How to complete this task:
Every line from the one with "Olive green hands-free" to the one with "Aichashi Low Platform", including those two, is to be copied exactly; all other lines of the entries below are left out.

Records for this task:
◇ ◇ ◇ ◇

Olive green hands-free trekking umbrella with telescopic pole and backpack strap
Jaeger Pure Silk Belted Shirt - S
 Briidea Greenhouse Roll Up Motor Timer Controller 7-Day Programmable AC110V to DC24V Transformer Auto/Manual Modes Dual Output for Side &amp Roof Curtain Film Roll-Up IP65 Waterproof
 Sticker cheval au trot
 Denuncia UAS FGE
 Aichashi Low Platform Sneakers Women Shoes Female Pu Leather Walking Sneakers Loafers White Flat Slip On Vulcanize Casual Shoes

◇ ◇ ◇ ◇

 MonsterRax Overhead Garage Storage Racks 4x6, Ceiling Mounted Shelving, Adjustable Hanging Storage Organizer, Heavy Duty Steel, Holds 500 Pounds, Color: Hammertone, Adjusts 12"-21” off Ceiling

◇ ◇ ◇ ◇

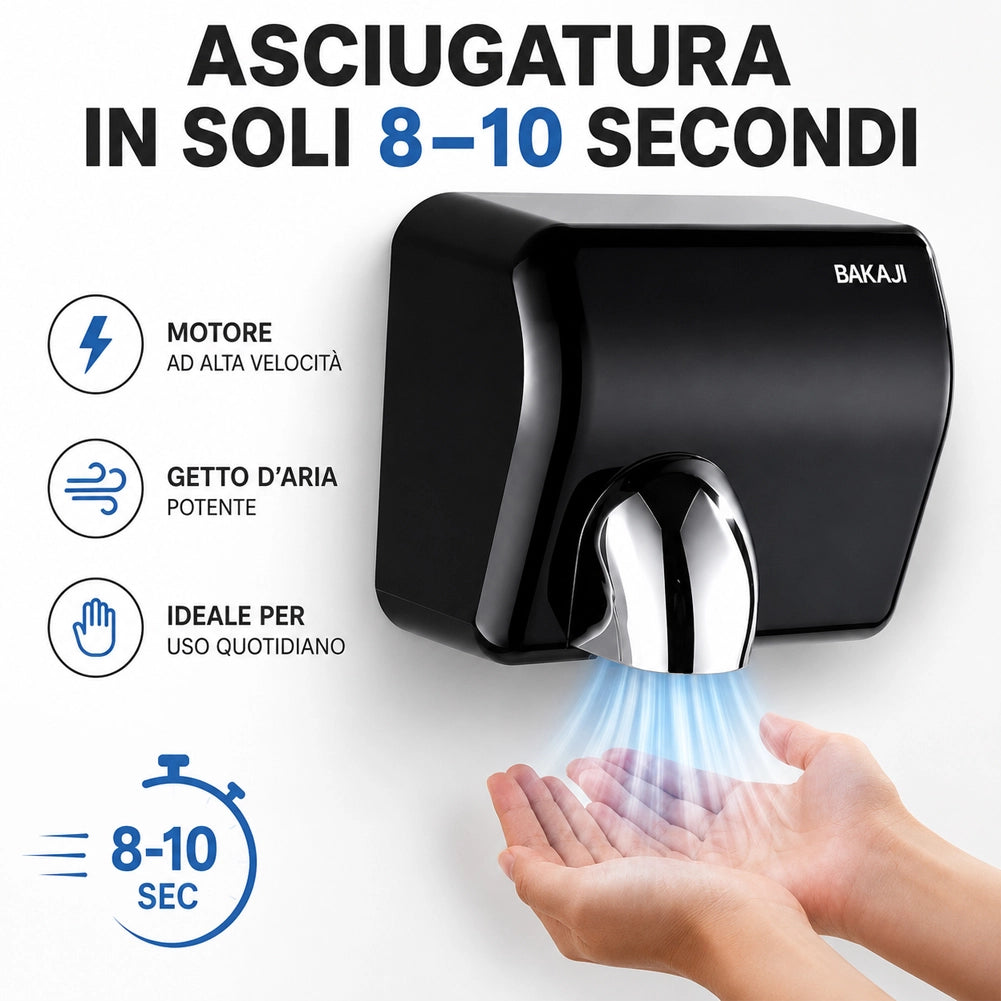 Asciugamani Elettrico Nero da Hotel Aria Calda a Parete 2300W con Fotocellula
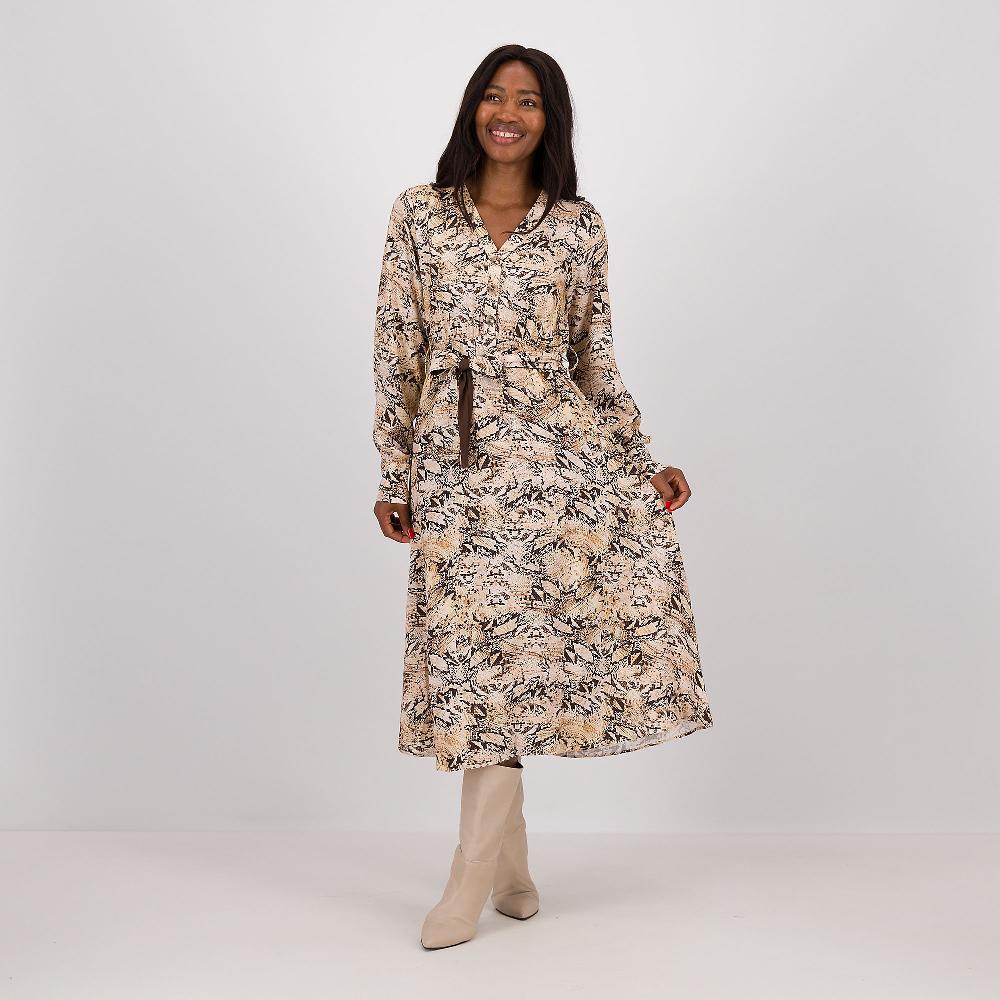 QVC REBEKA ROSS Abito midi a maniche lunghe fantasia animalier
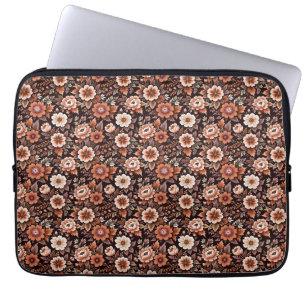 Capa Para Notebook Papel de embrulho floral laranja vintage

◇ ◇ ◇ ◇

Response below:
Olive green hands-free trekking umbrella with telescopic pole and backpack strap
Jaeger Pure Silk Belted Shirt - S
 Briidea Greenhouse Roll Up Motor Timer Controller 7-Day Programmable AC110V to DC24V Transformer Auto/Manual Modes Dual Output for Side &amp Roof Curtain Film Roll-Up IP65 Waterproof
 Sticker cheval au trot
 Denuncia UAS FGE
 Aichashi Low Platform Sneakers Women Shoes Female Pu Leather Walking Sneakers Loafers White Flat Slip On Vulcanize Casual Shoes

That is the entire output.